You don’t need to have every trade route mapped out to the gram of copper and the commodities rates for sugar, but it helps. Economics are a major driving force for wars and strife. Good to know where silks are easy or hard to get.

In my scifi stuff it’s hard to get good strawberries. Seriously. Earth has fewer and fewer farms, many of its colonies rely on a war-born artificial ration processor that sort of 3D prints things that let you not starve to death, and their FTL is not up to par. What strawberries are available off Earth are carried by alien traders who have better, but much smaller ships. It’s expensive. One day there may actually be an interstellar war over strawberries! Likely? No, but who knows?!

There’s one world where an entire galaxy’s goods can be, somewhat, easily found along with examples of its cultures. Off that world? No one’s ever heard of them.

This is: know your scale and perspectives. In the Realms, just because Drizzt is important in the far north, he’s virtually a rumour in Waterdeep, virtually unknown in Cormyr, and is unknown in parts beyond. Elminster has had a long and meddlesome life. His name is probably known to many. That he yet lives? Where? How old is he? No. Many of his exploits? Fictions, legends, exaggerations, truths, follies, falsifications, mistaken identity …

Look at out own world. Hard as it is for some to believe, there’s folks who don’t really know who Beyonce is. If they’re from certain countries/cultures they’re bound to know the name, but do they know the face? The music? The profession? Not necessarily.

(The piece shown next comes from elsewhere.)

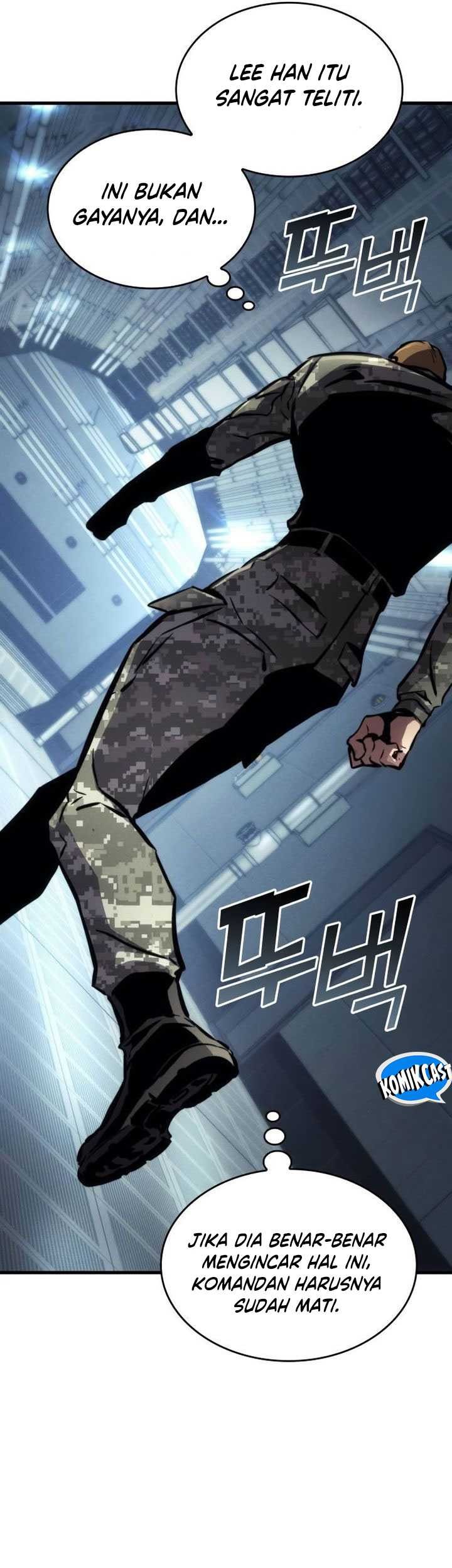 Kill The Dragon Chapter 137 Gambar 46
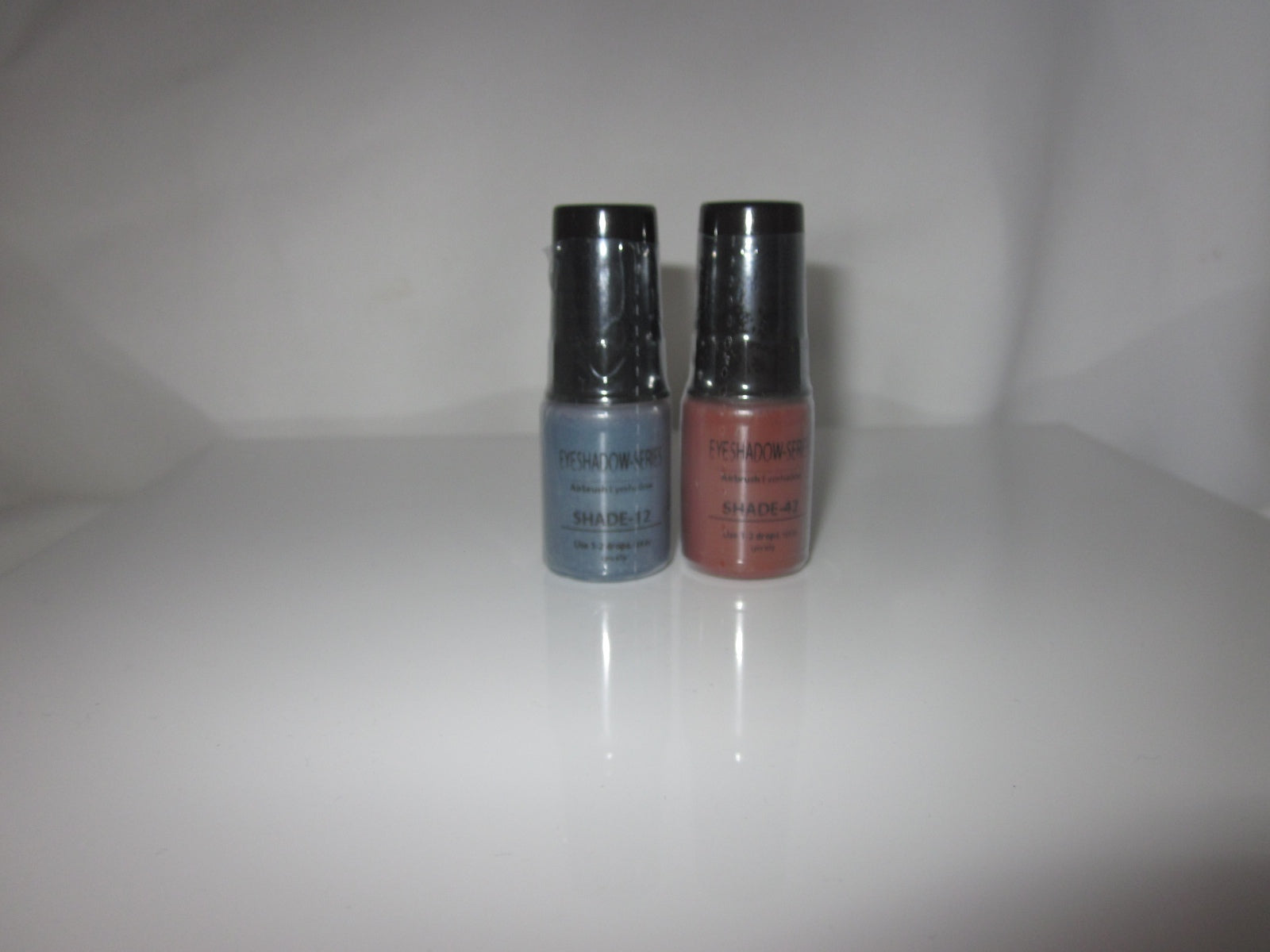 New Luminess/Stream Air Airbrush Eyeshadow Duo "Shabby" ES12 & ES41 Free ship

Keep your places … humble and remember, someone important enough will be known in the next village (or star system, or galaxy) to be sure. But past it?

Also remember, you don’t have to actually know the bestseller list for a region, but you should have a concept what’s In so you could write one up in a trice without much thought.

I might write more on this soonish. But for now I’ve exhausted my thought, utterly forgot if I have or had a point whatsoever, and needs must get onward to the grocery store.